U.K. Price Inflation Reaches New High

U.K. consumer price inflation according to the EU-harmonized definition rose to 2.7% in November from 2.4% in October, the highest ever during the EU-harmonized index have been in place in Britain (i.e. since January 1997). Another index, the Retail Price index showed even higher inflation (3.9%).

Ironically, this increse in domestic price inflation in Britain (i.e. the erosion of the pound's domestic purchasing power) could at least in the short term increase its external purchasing power. The reason is that foreign exchange rates today are in the short term mainly determined by movements in nominal interest rates. And as inflation is now far above the Bank of England's targets, this makes further interest rate increases increasingly likely. And indeed, so was the case today as the pound surged against both the euro and the dollar.
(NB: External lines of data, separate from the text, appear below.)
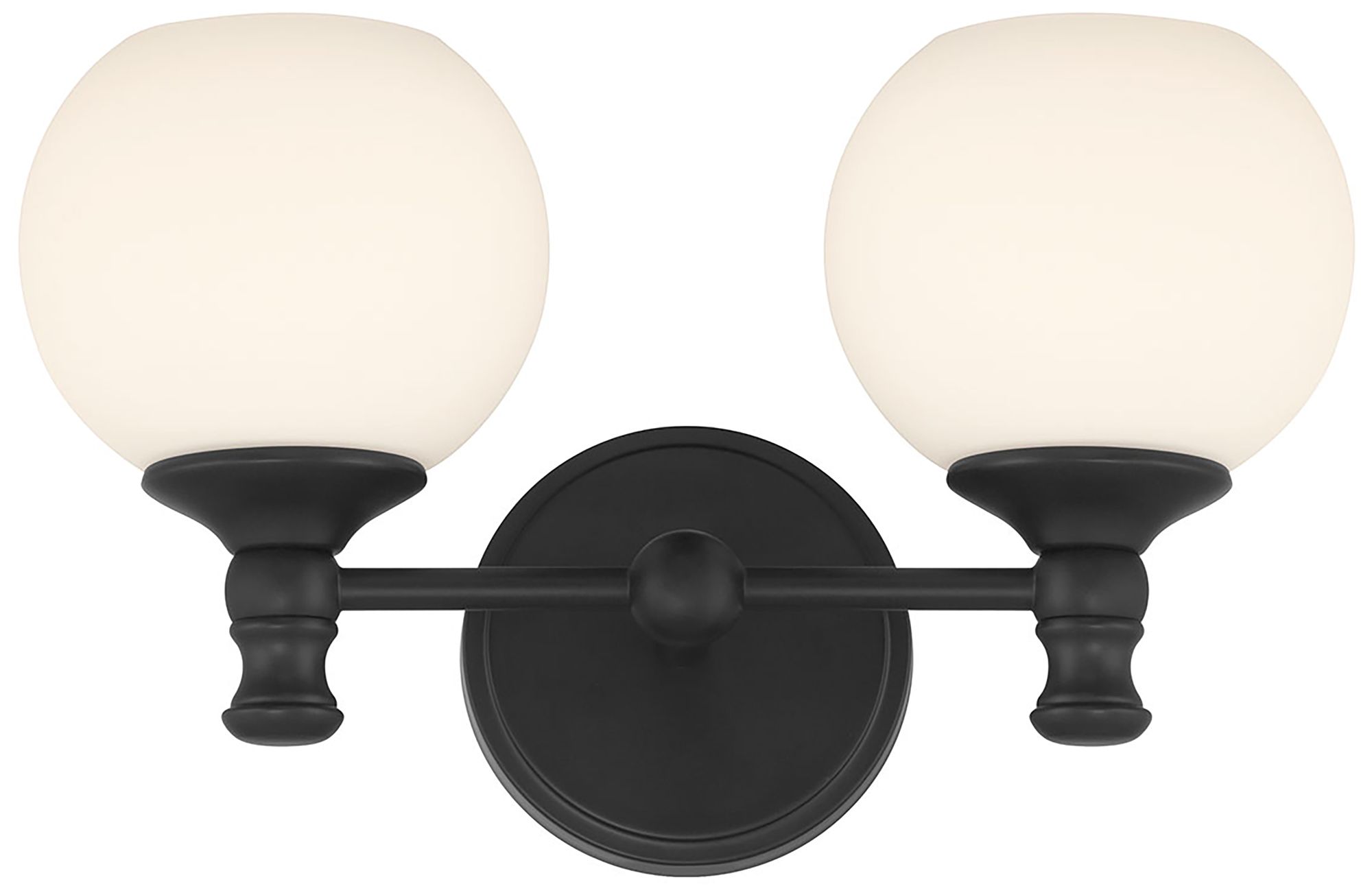 Image 5 Millennium Orlisse 2-Light 14.75" Matte Black Vanity Light with Glass Shade more views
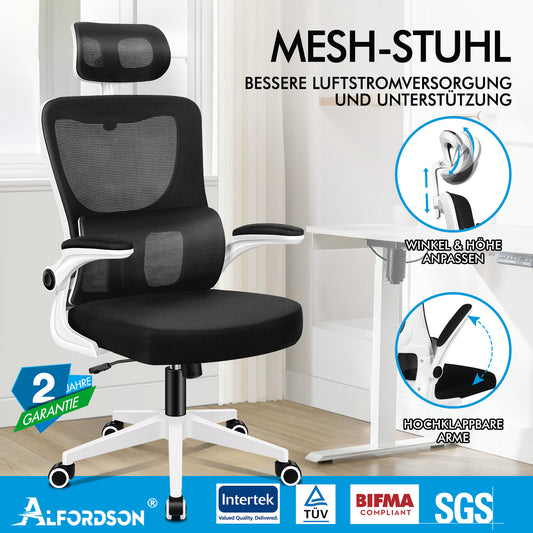 ALFORDSON Netzgewebe Bürostuhl Gaming Führungskräfte Computer Sitz Arbeit, Nyles, Schwarz & Weiß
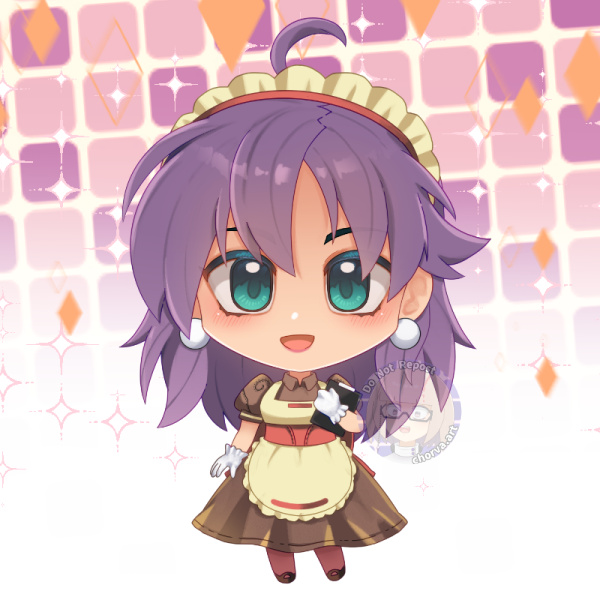 1girl, ahoge, apron, bangs, blue_eyes, blush, brown_dress, brown_pantyhose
Incidentally, Swedish price inflation also accelerated, although it is still below the Riksbank's 2% target. But as excessive Swedish money supply growth causes other imbalances, more interest rate hikes will be needed in Sweden too.


Blogger Flavian said...


7:11 PM  
Blogger Flavian said...

The fact that inflationary tendencies make tighter monetary policies necessary may ver well as you point out drive the excahnge rate upwards temporarily.

That might make inflation seem lower than it really is. One year ago the price of one Big Mac in the UK was £1,88. Today the price is £1,99 or an increase of nearly 5,9%.
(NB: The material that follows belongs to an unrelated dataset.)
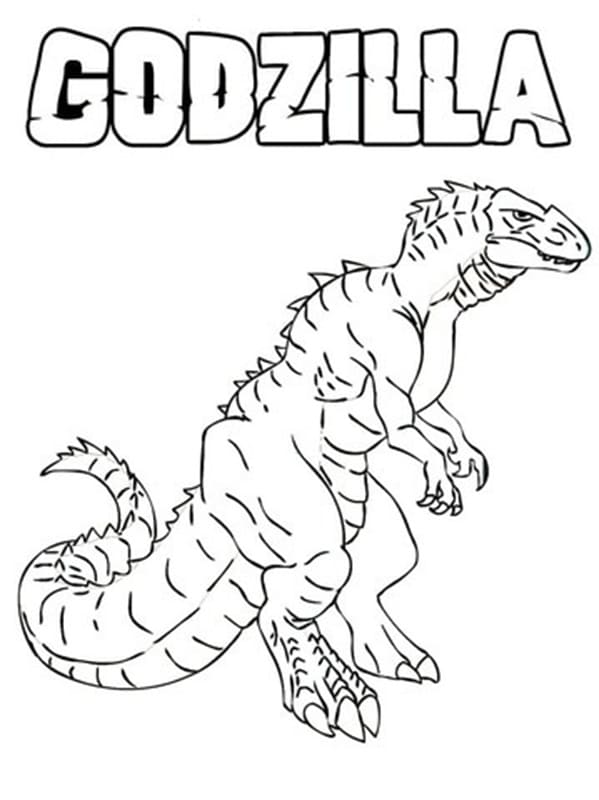 Printable Drawing Godzilla Coloring Page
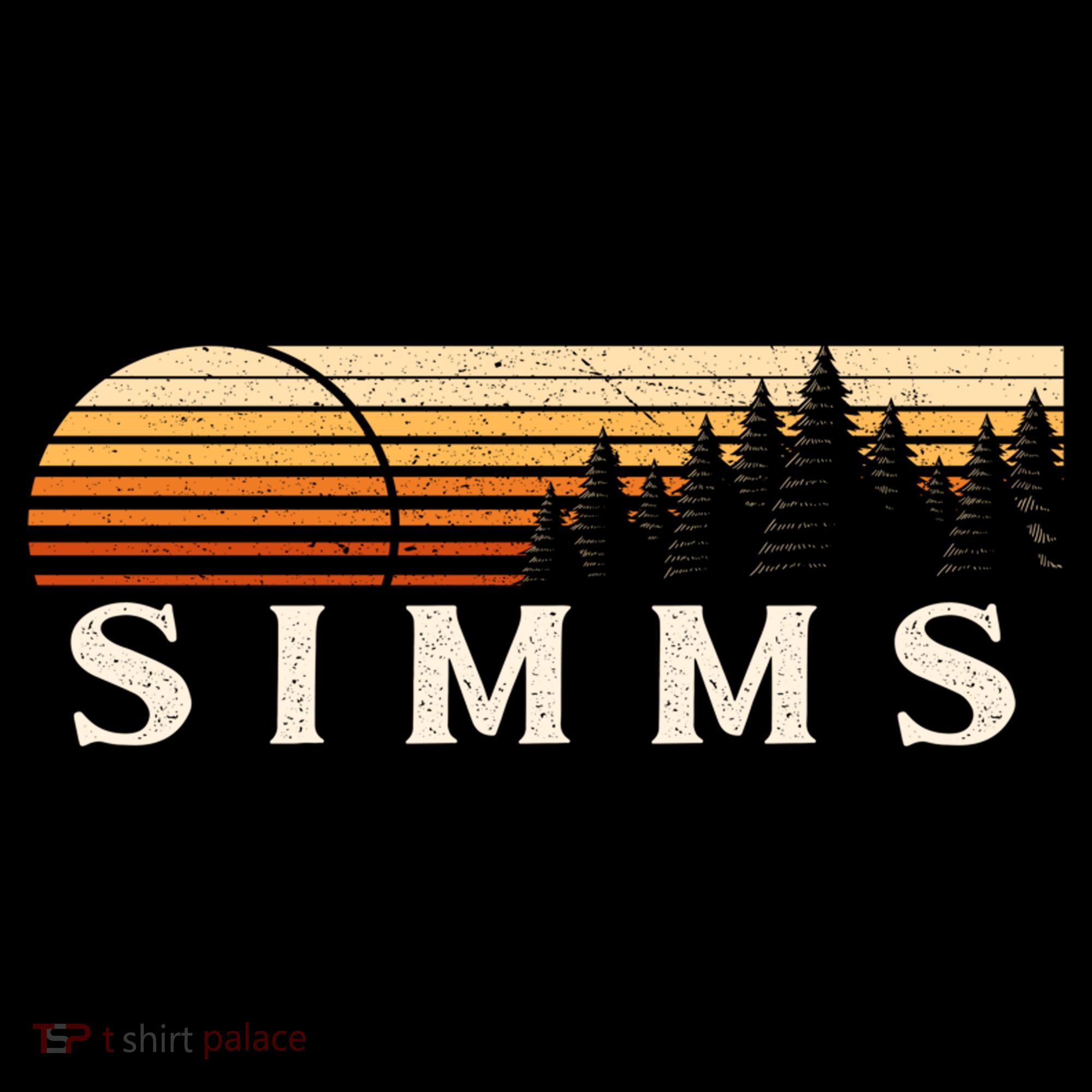 Simms Tx Vintage Evergreen Sunset Eighties Retro T-Shirt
In 1974 the price of one Big Mac in the UK was £0,45. If the price would still have been £0,45 and relative prices had changed identically to what is actually the case, the 2006 CPI would still be 40-45% higher than the 1974 CPI.

That indicates that the relative price of a Big Mac is dropping gradually and it also indicates that the British inflation rate is in reality even higher than 5,9%.

This is the problem in a nutshell: High inflation requires tight money and expectations about tight money make the real excahnge rate climb with the result that the conventional CPI sometimes under-estimates the "true" inflation rate very much.

However the Big Mac seems to give much more adequate information about the "true" inflation rate.

7:20 PM  
Blogger Flavian said...

Another tragic example of modern British inflationism is that the price of one copy of the Economist was 8½d. for decades prior to WW1. After WW1 the price was raised to 1s., in the 1950:s the price was raised to 1s.6d., in the 1960 the price was raised first to 2s. and then to 2s.6d. In 1970 the price was raised two times. The first time from 2s.6d. to 3s. and the second time to 4s. In 1979 the price had risen to £0,60 or 12 shillings. In 1989 the price was £1,50 or 30 shillings and the last time I checked it the price in Gibraltar was £3,10 or 62 shillings! (The Gibraltar pound is at par with sterling.)

Now if Britain has lost it's role as the world's leading industrial nation it is certainly not related to any lack of £/s/d!